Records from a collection

Content starts

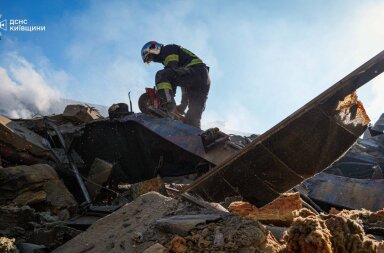 Трагедія в Яготині: рятувальники п’яту добу борються з вогнем на складах під завалами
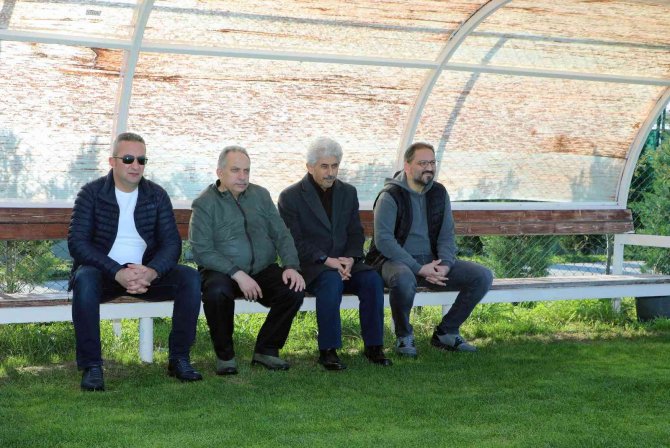 Başkan Yalçın’dan Talasgücü’ne Moral Ziyareti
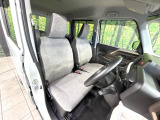 運転席シート廻りは使用感も少なく、良好な状態となっています。前オーナー様が丁寧に使っていたことがよくわかりますね。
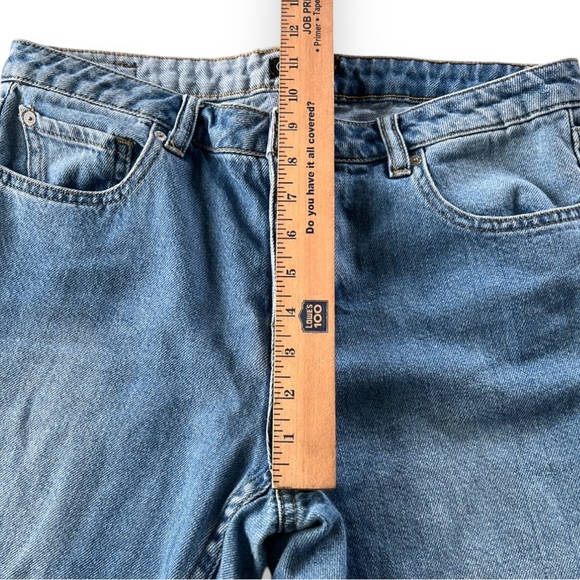 Volcom Georgia May Jagger GMJ Boyfriend Grommet Jean Light Blue Size 27 - Picture 9 of 15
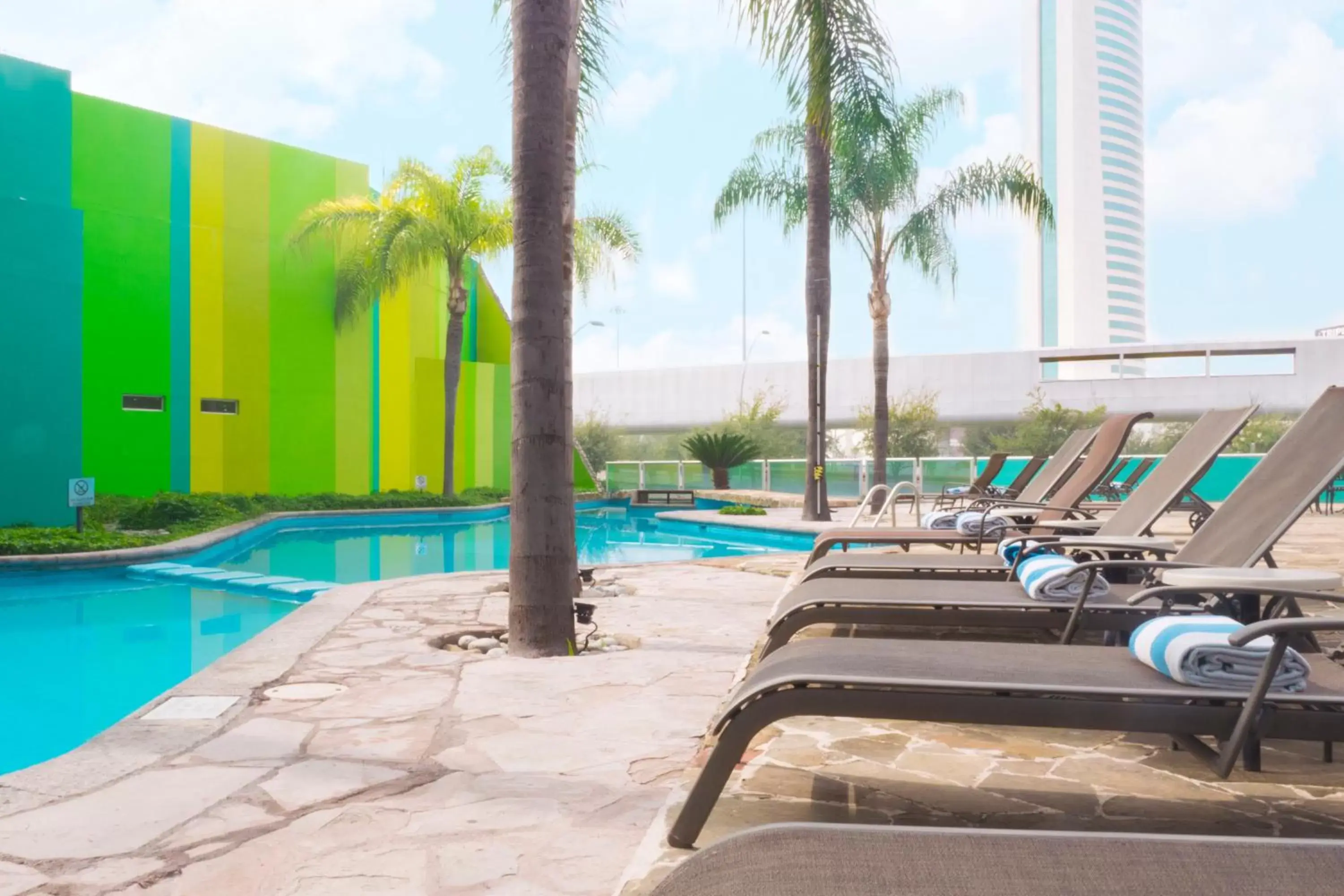 Swimming Pool in Holiday Inn Monterrey-Parque Fundidora, an IHG Hotel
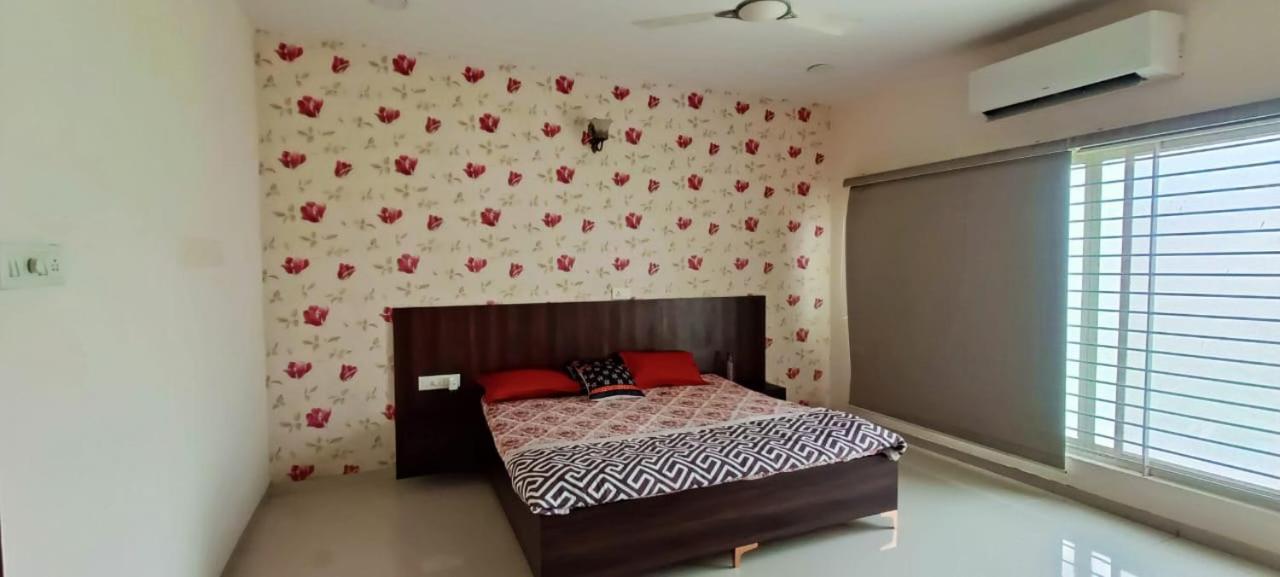 Gulmohar Villa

Content ends

The task requires that every line above be transcribed exactly, without the images.

- FINAL ANSWER:
 Трагедія в Яготині: рятувальники п’яту добу борються з вогнем на складах під завалами
 Başkan Yalçın’dan Talasgücü’ne Moral Ziyareti
 運転席シート廻りは使用感も少なく、良好な状態となっています。前オーナー様が丁寧に使っていたことがよくわかりますね。
 Volcom Georgia May Jagger GMJ Boyfriend Grommet Jean Light Blue Size 27 - Picture 9 of 15
 Swimming Pool in Holiday Inn Monterrey-Parque Fundidora, an IHG Hotel
 Gulmohar Villa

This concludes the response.